Note that these ten best models have slightly different estimates, ranging from 2228 to 2688, all within very similar BIC values. Which one should we use?

This is the fundamental problem of the frequentist, log-linear approach. We could just pick the “best” model, i.e., the one with the lowest BIC. I took that approach in a number of my MSE projects (e.g., Kosovo, Perú, Guatemala for the Ríos Montt trial).

Unfortunately, just picking one model ignores the error that we introduce by the selection itself. And it ignores the real variability in the estimates that result from different decisions about which inter-system dependencies to control for, and which to exclude. By picking only one model, we control for the dependencies included in the model, but we ignore dependencies that are not in the model.

Bayesian approaches offer a solution to these limitations. My colleagues and I tried an intermediate version of this approach in our work estimating lethal violence in Casanare, Colombia. However, there’s a better, more principled approach.

In a series of papers in the 1990s, statisticians found that decomposable graphical models allow us to estimate the the marginal likelihood of each of the graphical models (graphical models are a subset of hierarchical models). The advantage of this approach is that the marginal likelihood can be understood as proportional to the probability that for certain data, a given model is true, relative to all the other models. That means that the marginal likelihood is the ideal weight for averaging across all the models. This avoids the problem of having to choose a single model.

The first of the papers describing this approach was by Dawid and Lauritzen (1993).^{3} In a 1997 *Biometrika* article, Madigan and York extended the approach to the estimation of a closed population.

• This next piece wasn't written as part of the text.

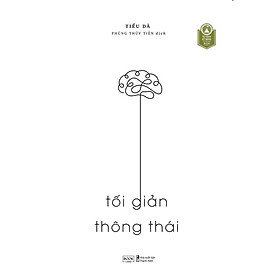Sách - Tối Giản Thông Thái - Tiểu Dã - AZ Việt Nam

In 2014, statisticians James Johndrow, Kristian Lum and I implemented this approach in an R package called dga. Here’s how to use it.

```
library(dga)
data(graphs4)
Y <- deaths$Freq
Y[1] <- 0 # remember that in the Rcapture approach, this is NA
Y <- array(Y, dim=c(2,2,2,2)) # the dataframe must be sorted by the A,B,C,D columns so that this array is shaped properly
Nmissing <- 1:(2*sum(Y)) # Nmissing is a sequence from 1 to twice the number of observed values.
num.lists <- 4 #
delta <- 1/(2^num.lists) # this is the shape of the prior distribution
```

In the setup, the Nmissing distribution needs to run from 1 to some large number. It is, as the name of the variable implies, the number of missing elements of the population that will be estimated. The maximum needs to be substantially larger than the likely number of unobserved elements of the population.

```
weights <- bma.cr(Y, Nmissing, delta, graphs4)
plotPosteriorN(weights, (Nmissing + sum(Y))) # Nhat = missing + observed
```

Bayesian methods often provide us with an estimate of the full posterior distribution of parameters, rather than a single number. The distribution has a shape which tells us which values are most likely. In the graph above, the dark black line indicates the probability of each of the values shown on the horizonatal axis.

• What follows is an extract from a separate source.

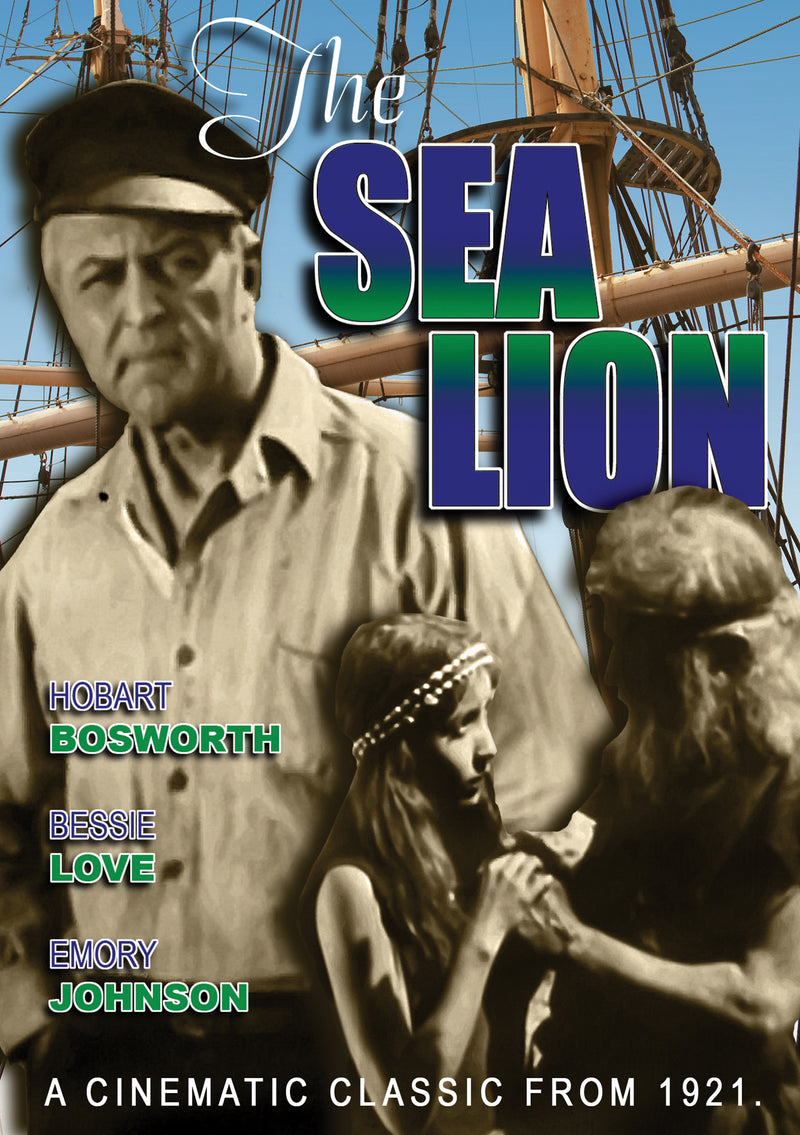 The Sea Lion (DVD)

Note that there are two peaks, quite close together. This means that there are two groups of models which have similar estimates. The distributions for the most likely models are shown in dashed lines – and notice that they are not exactly the same. This is the same issue we saw in the frequentist estimation: multiple models with similar plausibility but with different estimates.

In the Bayesian context, we can average across the models to get a single estimate. The effect of each of the individual models is weighted by its marginal likelihood, and the combined, weighted estimate is shown in the dark line. It’s a Bayesian estimate, which means it is a distribution, not a single number. The graph below shows a sample of 1000 values from the distribution of the estimated total number of deaths.

```
post_probs <- apply(weights, 2, sum)
m0s_sample_from_post <- sample(Nmissing, size=1000, replace=TRUE, prob=post_probs)
nhat_sample_from_post <- m0s_sample_from_post + sum(Y)
png(file="gt-dga-nhat_sample_from_post.png", bg="white")
hist(nhat_sample_from_post, breaks = 50,
main="Posterior Distribution of Estimated Killings",
xlim=c(1500,4500))
dev.off()
```

```
## quartz_off_screen
## 2
```

This graph is very similar to the previous graph. The point here is to compute and visualize the distribution itself. As before, there are several slightly different peaks.

```
qs <- quantile(nhat_sample_from_post, c(0.025, 0.5, 0.975))
CI <- paste('[', round(qs['2.5%'], 0), ', ', round(qs['97.5%'], 0), ']', sep='')
```

(note that the code for `CI`

above creates text that will be referenced to print the credible interval below)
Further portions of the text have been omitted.